▶ _Task goal_
Give back, exactly as written, the lines of the listing from the top through the line holding "Which brands would", and nothing more. Exclude pictures.

▶ _Records shown_
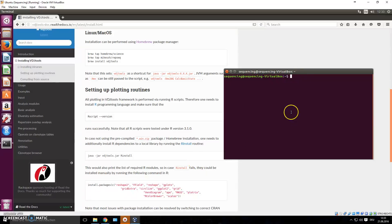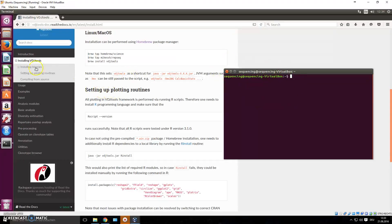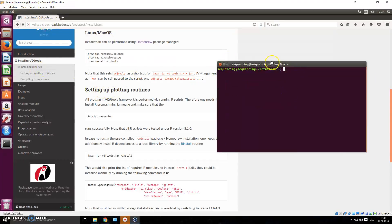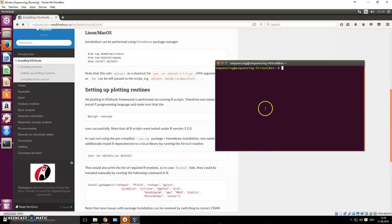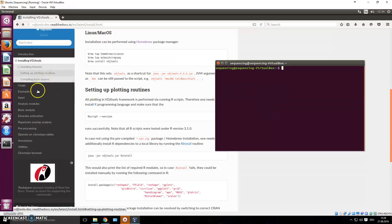Hey guys, welcome to another video on next generation sequencing data analysis. In the last video we installed VDJ tools, and in this video we're actually going to start using it on our sequencing data.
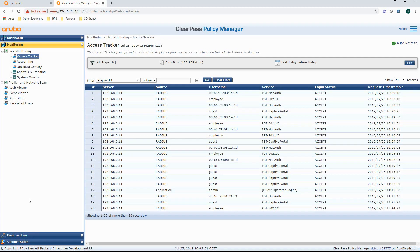That's pretty much it for troubleshooting on the mobility controller, switch, and ClearPass. Port-based tunneling is pretty straightforward and easy to troubleshoot with some simple tools and commands. One other thing I forgot to mention: if you are using captive portal, you have to really make sure that you're using a public certificate. There's a lot that can go wrong with the certificate, so make sure it's installed correctly on ClearPass and on the mobility controllers.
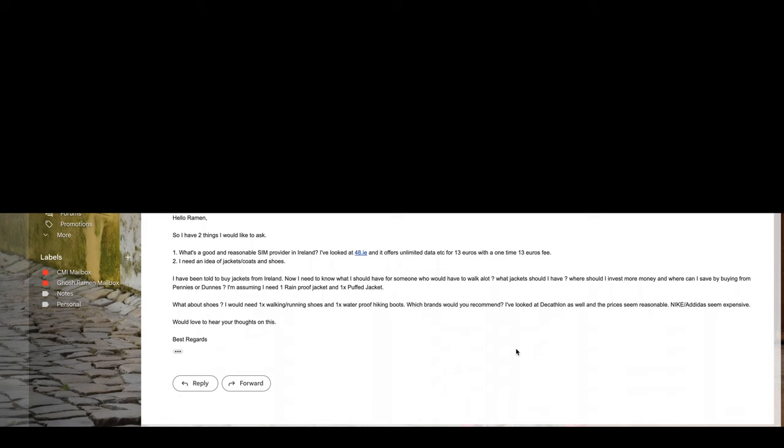Which brands would I recommend? He looked at Decathlon as well and the prices are reasonable. Nike and Adidas seem to be expensive. Very important things to discuss.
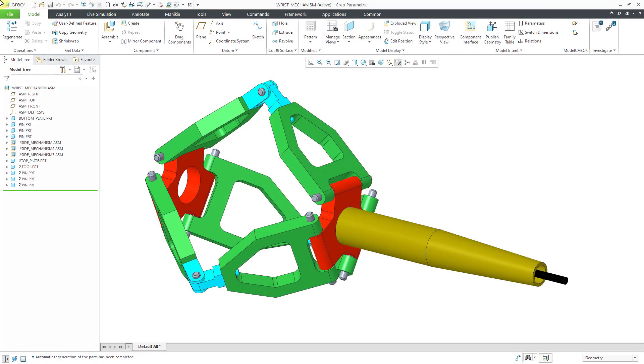In Creo Parametric, you can use geometry motors in a mechanism when you can't drive the necessary motion from your joint axes.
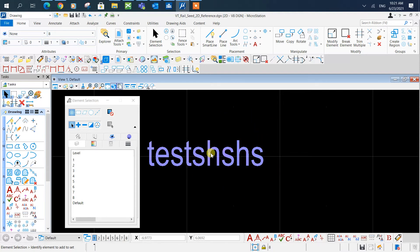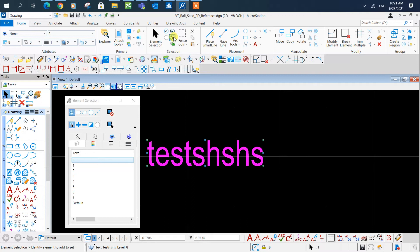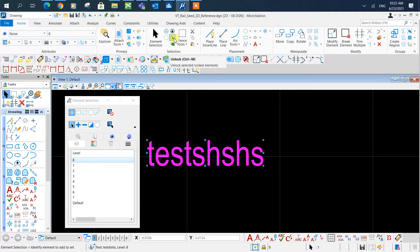Now sometimes this doesn't work. This could be because the text is locked. In order to unlock it, you can go to the Home tab and click Unlock, or Ctrl-M.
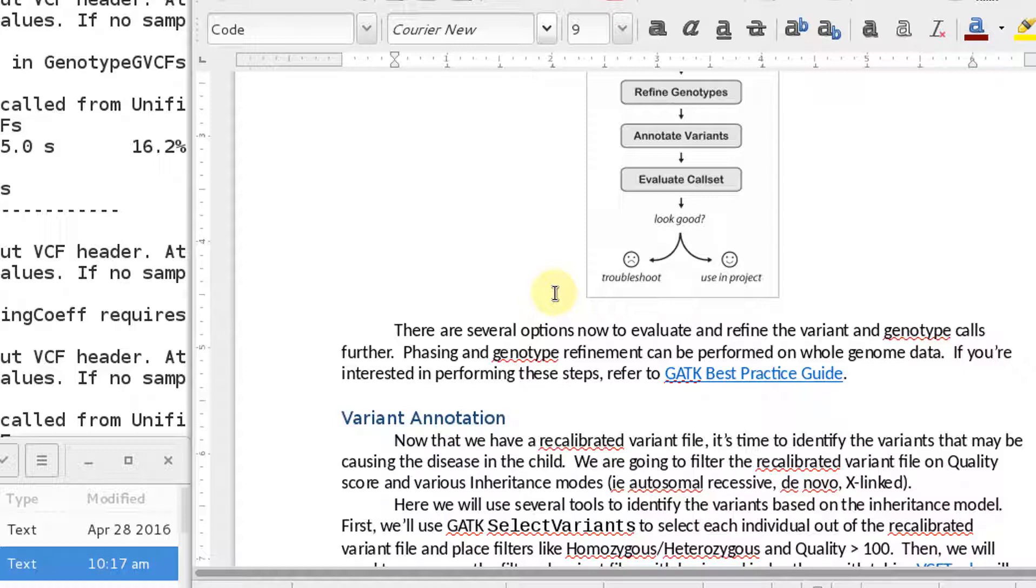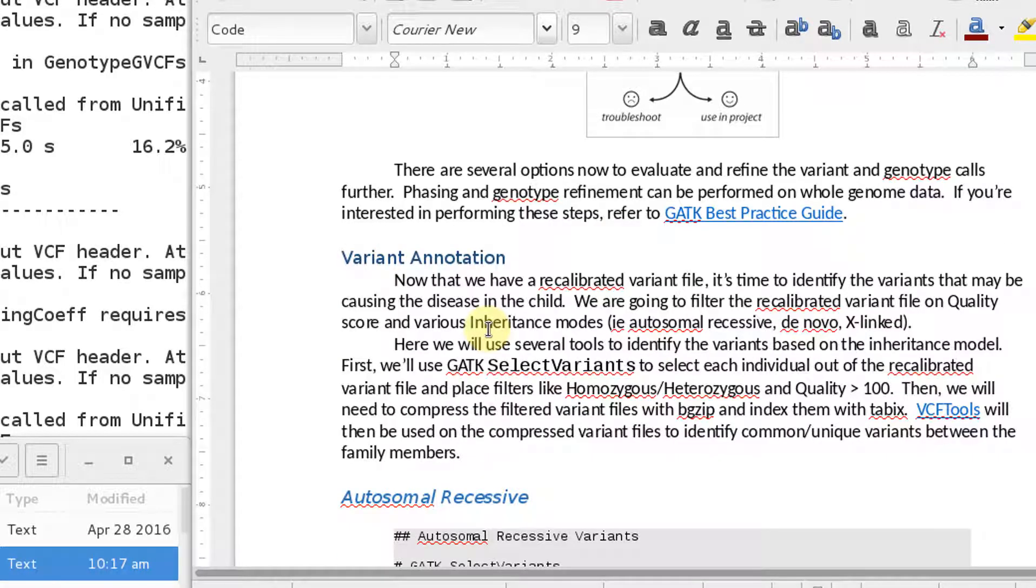Now, in my document, I have a very archaic way of extracting out from this VCF file that you just generated, pulling out information of autosomal recessive, de novo, X-linked, and so forth. There are much, much better tools out there than what I have listed here. The reason I have this very archaic set of tools, and there's some pitfalls when you run these, that you're not going to always extract out all of the autosomal recessives or all of the de novos.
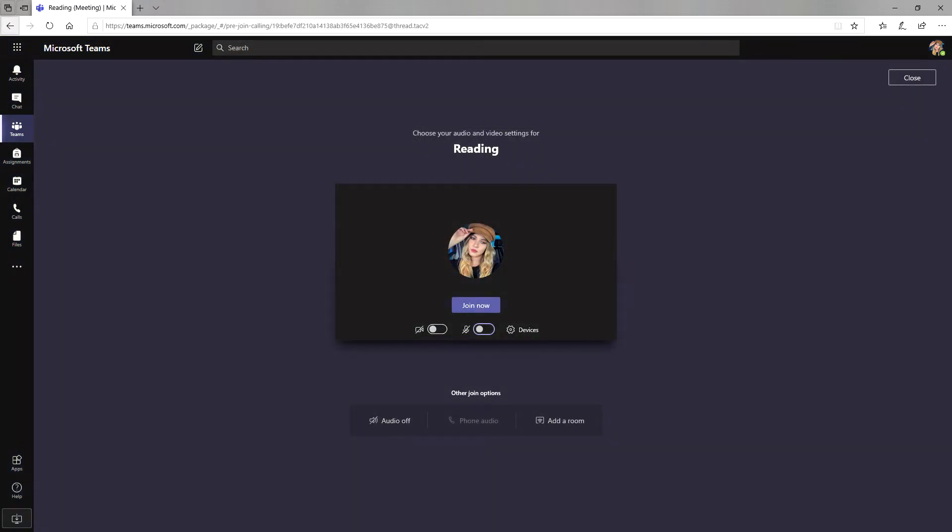But before I get into the class, I'm greeted with a few options. Always make sure that you turn off your camera and microphone on this page. Once both of them are turned off, now I can press join.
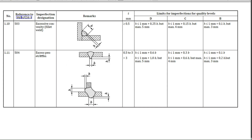We need to know what is excessive penetration. I already explained what is excess penetration in the welding defects video. If you missed that video, you can refer to it. For excessive penetration, the acceptance criteria are: for quality level D, height less than or equal to 1 mm plus 0.6 b; for quality level C, height less than or equal to 1 mm plus 0.3 b; for quality level B, height less than or equal to 1 mm plus 0.1 b.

▶ _Solution to this task_
Hey guys, welcome to another video on next generation sequencing data analysis. In the last video we installed VDJ tools, and in this video we're actually going to start using it on our sequencing data.
That's pretty much it for troubleshooting on the mobility controller, switch, and ClearPass. Port-based tunneling is pretty straightforward and easy to troubleshoot with some simple tools and commands. One other thing I forgot to mention: if you are using captive portal, you have to really make sure that you're using a public certificate. There's a lot that can go wrong with the certificate, so make sure it's installed correctly on ClearPass and on the mobility controllers.
Which brands would I recommend? He looked at Decathlon as well and the prices are reasonable. Nike and Adidas seem to be expensive. Very important things to discuss.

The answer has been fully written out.